■ Material for the task:
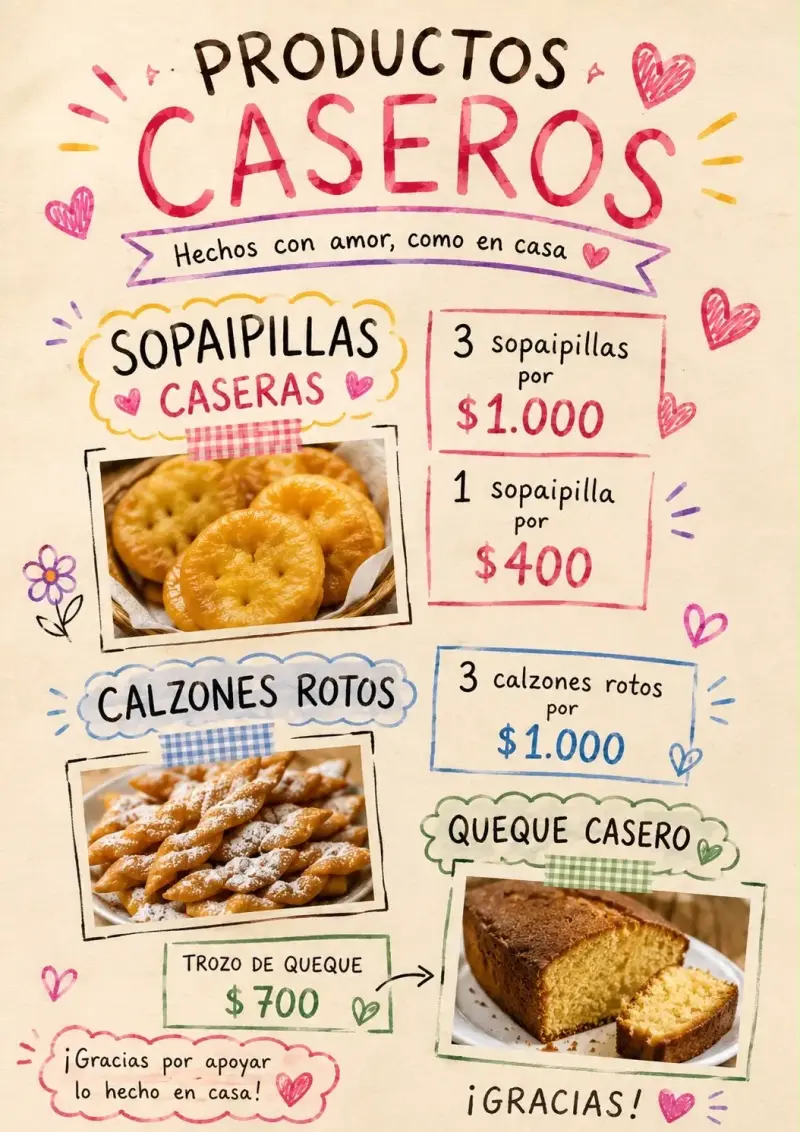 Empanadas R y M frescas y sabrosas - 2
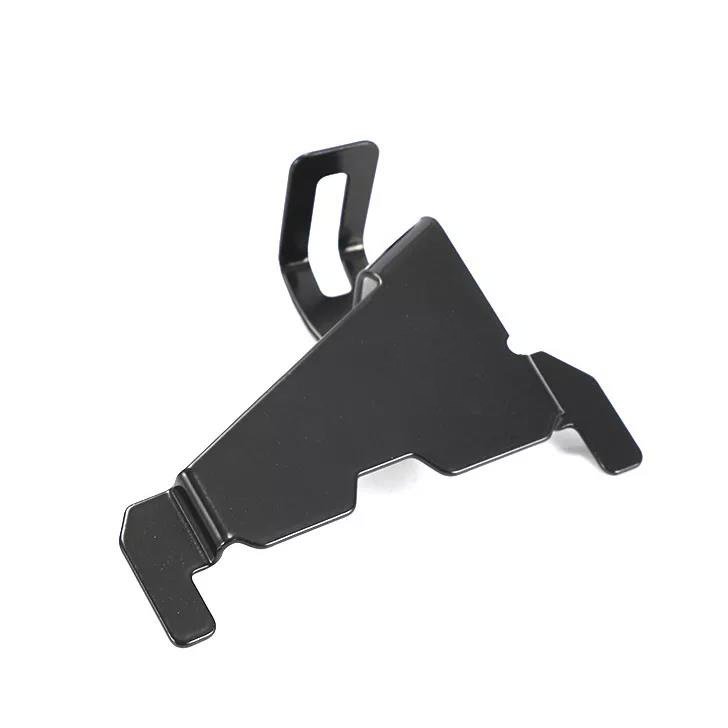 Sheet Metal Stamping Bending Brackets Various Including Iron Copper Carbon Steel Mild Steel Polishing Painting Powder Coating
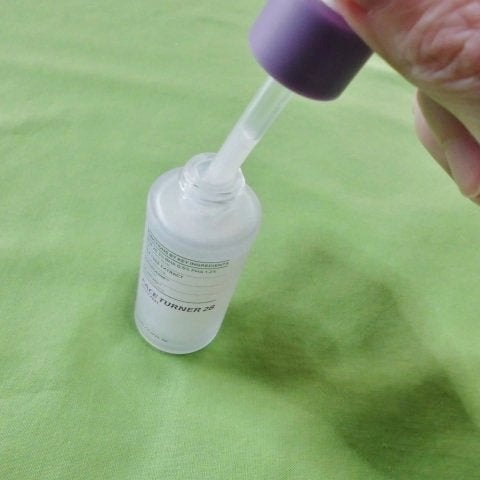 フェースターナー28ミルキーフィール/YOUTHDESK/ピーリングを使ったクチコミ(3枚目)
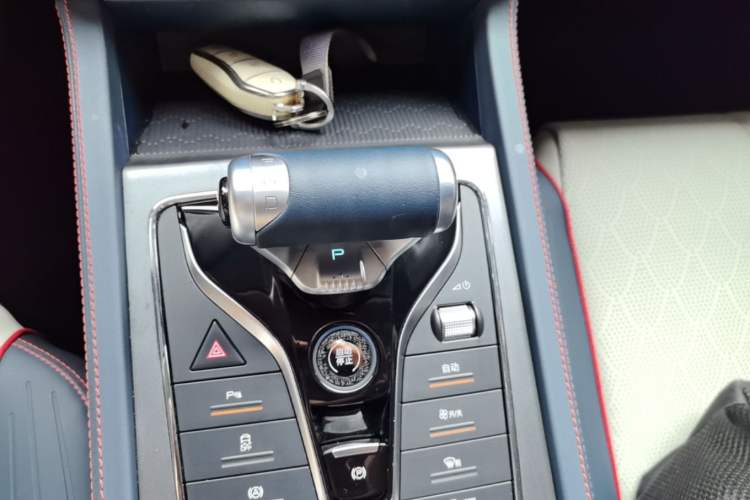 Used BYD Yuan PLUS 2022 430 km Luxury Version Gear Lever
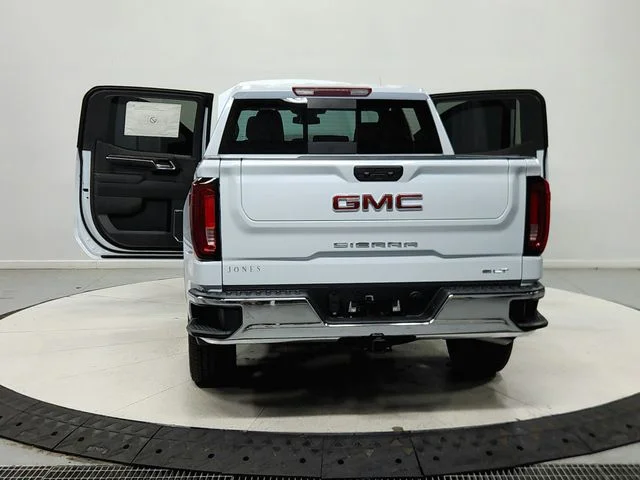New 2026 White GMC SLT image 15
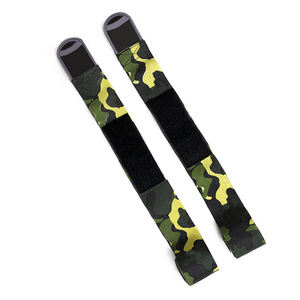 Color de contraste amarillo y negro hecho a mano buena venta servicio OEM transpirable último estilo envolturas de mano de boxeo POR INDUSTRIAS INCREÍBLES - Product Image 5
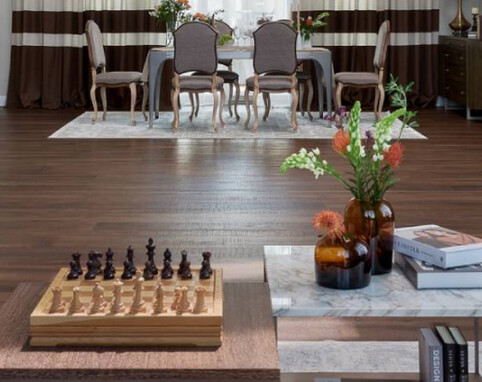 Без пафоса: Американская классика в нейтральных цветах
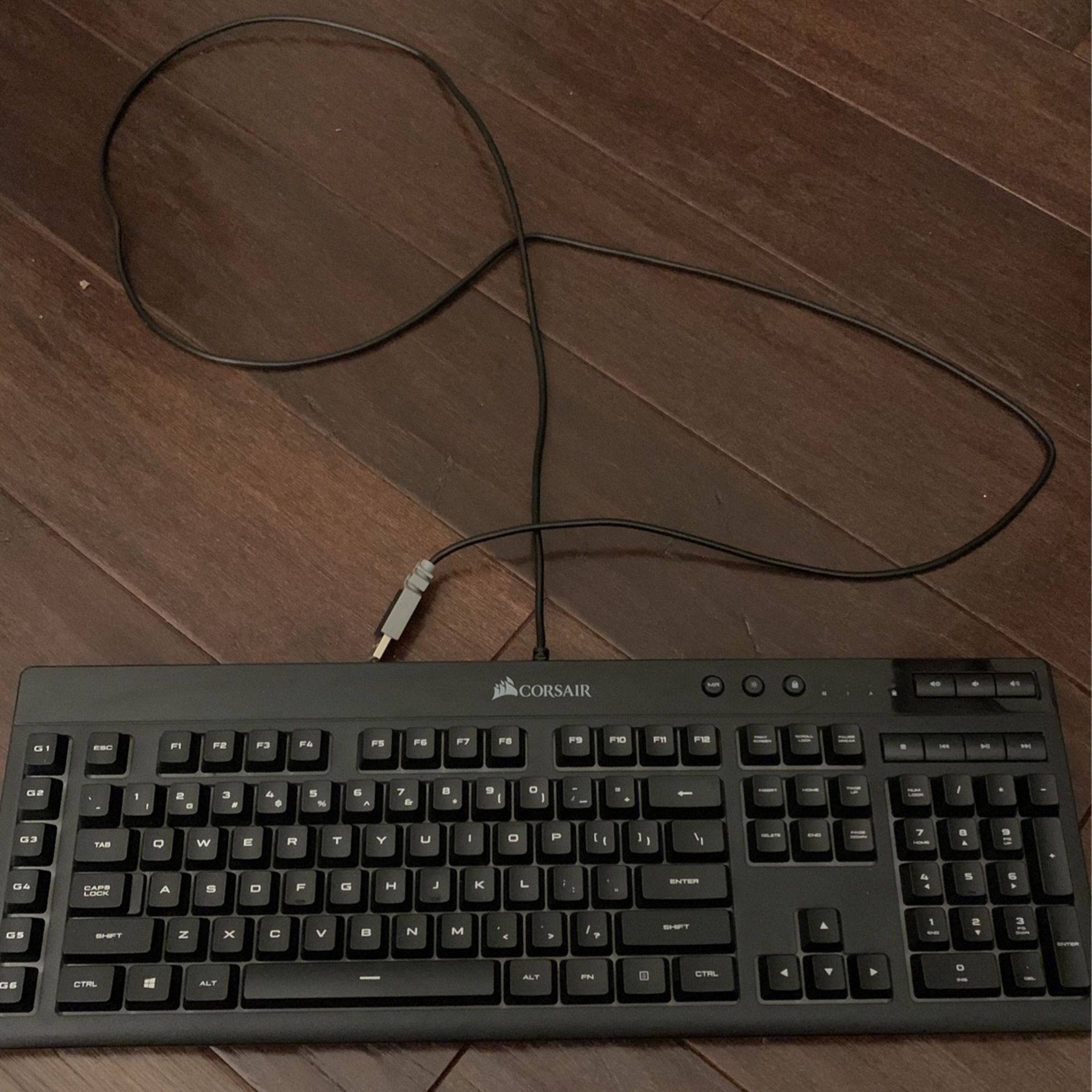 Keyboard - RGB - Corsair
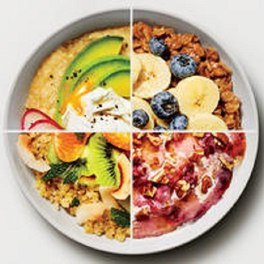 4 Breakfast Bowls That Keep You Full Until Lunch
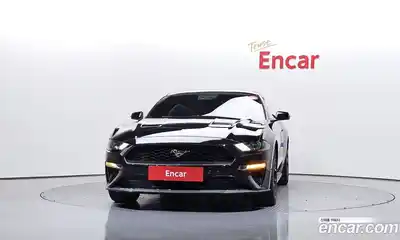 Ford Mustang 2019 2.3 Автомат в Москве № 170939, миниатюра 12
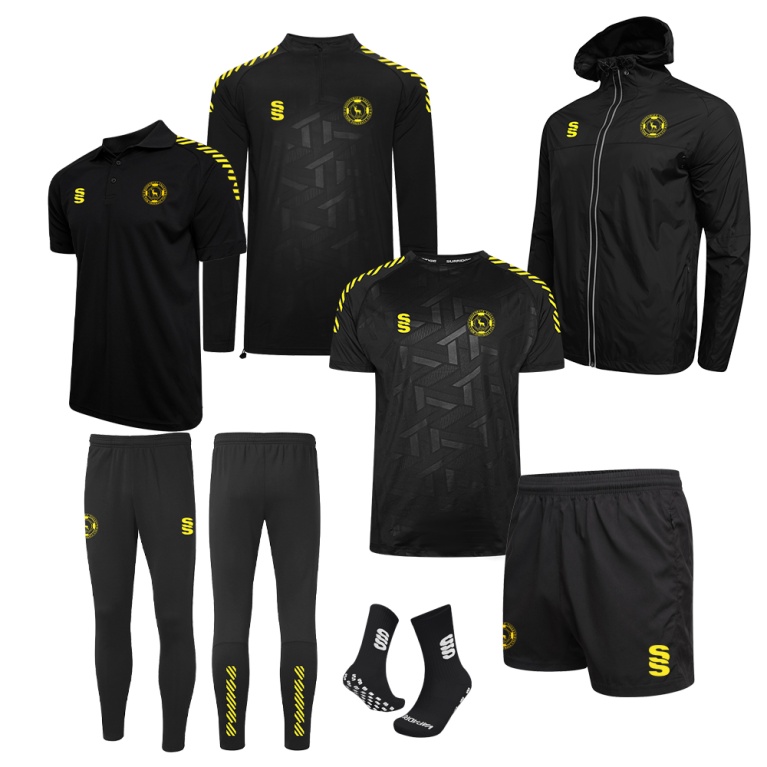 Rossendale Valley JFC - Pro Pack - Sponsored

■ Problem details:
Output exactly, and only, the lines running from the line containing "Без пафоса: Американская" to the last line of the entries above, omitting the pictures.

■ Response to the exercise:
 Без пафоса: Американская классика в нейтральных цветах
 Keyboard - RGB - Corsair
 4 Breakfast Bowls That Keep You Full Until Lunch
 Ford Mustang 2019 2.3 Автомат в Москве № 170939, миниатюра 12
 Rossendale Valley JFC - Pro Pack - Sponsored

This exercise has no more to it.